University students will be discussing the memoir ‘Firebird’ by Mark Doty, international guest at this year’s  Campus Book Festival.

Doty tells the story of a ten-year-old in a top hat, cane, and red chiffon scarf, interrupted while belting out Judy Garland’s “Get Happy” by his alarmed mother at the bedroom door, exclaiming, “Son, you’re a boy!”

Firebird presents us with a heroic little boy who has quite enough worries without discovering that his dawning sexuality is the Wrong One. A self-confessed “chubby smart bookish sissy with glasses and a Southern accent,” Doty grew up on the move, the family following his father’s engineering work across America-from Tennessee to Arizona, Florida to California.

A lyrical, heartbreaking comedy of one family’s dissolution through the corrosive powers of alcohol, sorrow, and thwarted desire, Firebird is also a wry evocation of childhood’s pleasures and terrors, a comic tour of American suburban life, and a testament to the transformative power of art.

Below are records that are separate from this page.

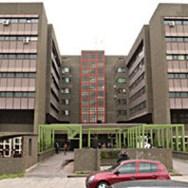 EIB dala zeleno svjetlo: Republika Srpska povlači kredit od 140 mil. eura za zdravstvo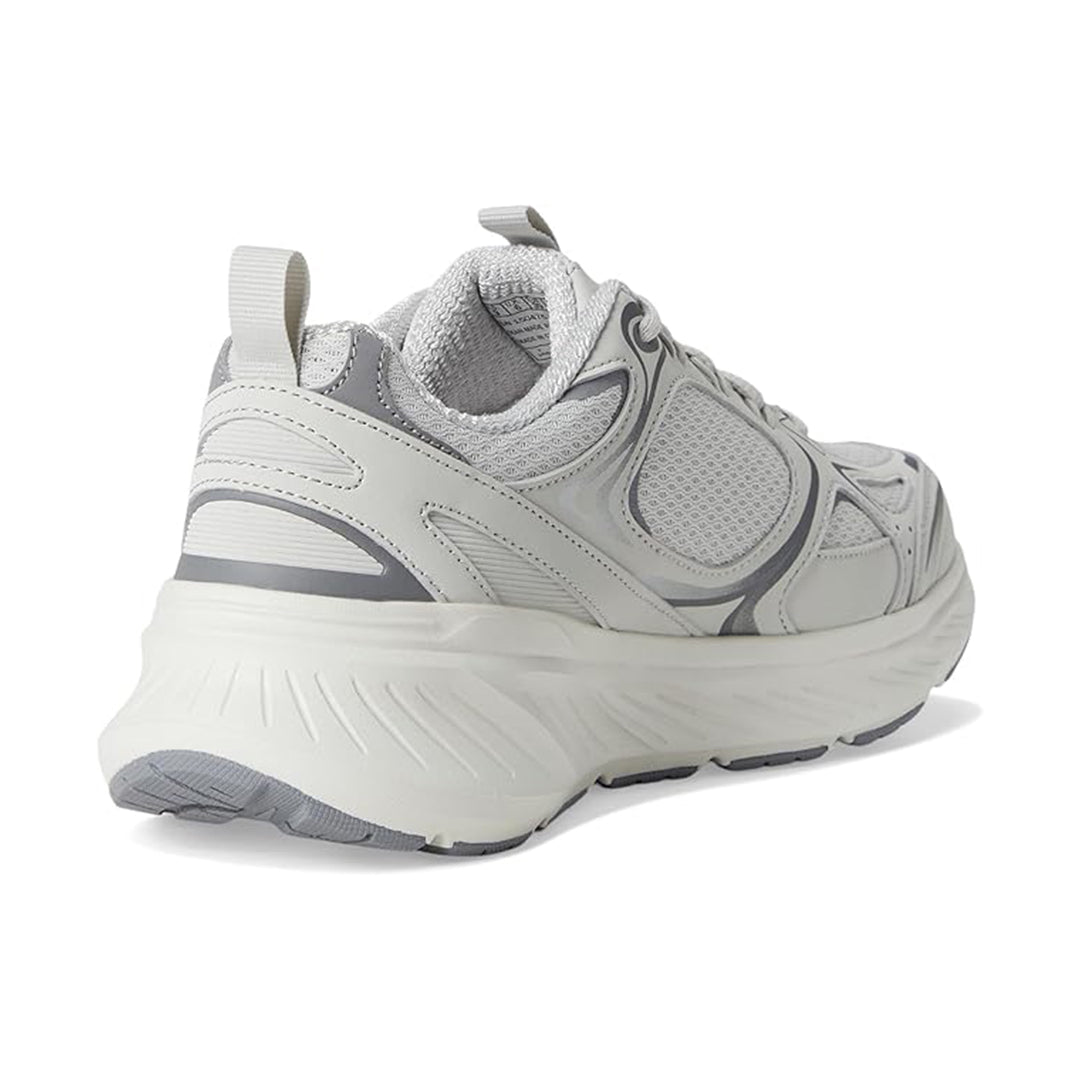 Patikë Skechers 150475 GRY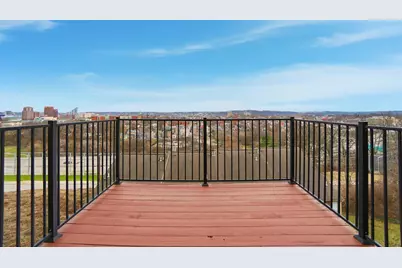 728 Western Avenue, Covington, KY 41011 - Photo 29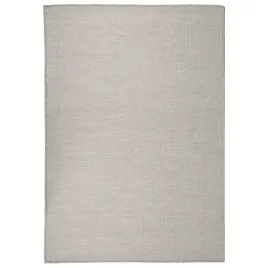vidaxl-dywan-zewnetrzny-o-plaskim-splocie-140x200-cm-taupe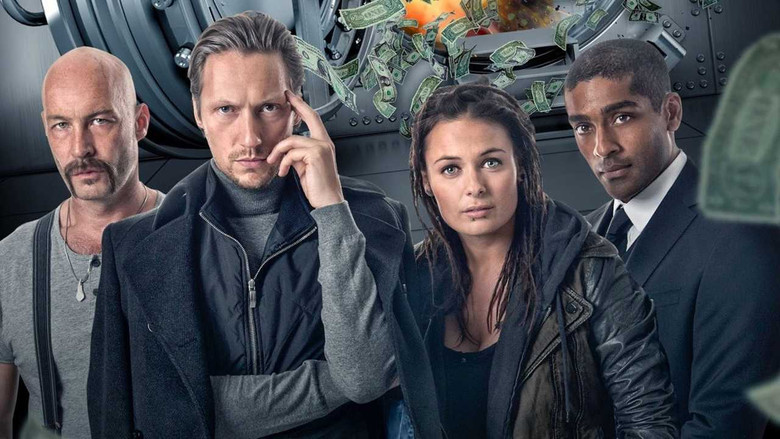 The Jönsson Gang - The Master Plan still 2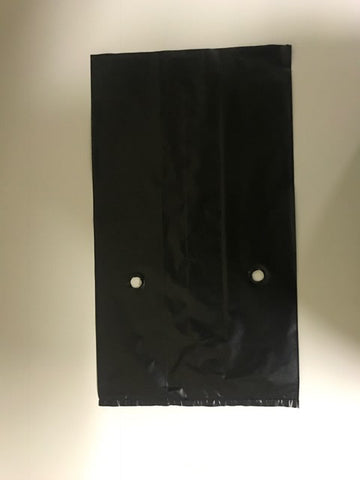 Cucumber Recycled Planter  Bags (500)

The session will be moderated in English by Dr Mario Aquilina from the Department of English at the University of Malta.

Mark Doty is the award-winning author of nine volumes of poetry, three memoirs, and essay collections. Many of them, including the New York Times bestselling memoir Dog Years (2007), U.S. National Book Award winning Fire to Fire: New and Selected Poems (2008), have been met with critical acclaim and a wide popular audience. With his poetry collection My Alexandria (1993), Doty became the first U.S. author to win the UK’s Poetry Book Society T.S. Eliot Prize. His second work of non-fiction, Firebird (1999), has been described as an evocative memoir of growing up gay in baby-boom America. As an accomplished poet of elegant, intelligent verse, Doty has often been compared to James Merrill, Walt Whitman and C.P. Cavafy. His most recent publication, What Is the Grass – Walt Whitman in My Life (W.W. Norton, 2020). Doty is currently Distinguished Professor and Director of Writers House at Rutgers University.

Mario Aquilina is a Senior Lecturer in English at the University of Malta. Aquilina has published widely in recognised journals on the essay and nonfiction, literary theory, literary history and contemporary literature. He is also the author of The Event of Style in Literature (Palgrave, 2014), sole editor of The Essay at the Limits (Bloomsbury, 2021) and main editor of The Edinburgh Companion to the Essay (Edinburgh University Press, forthcoming).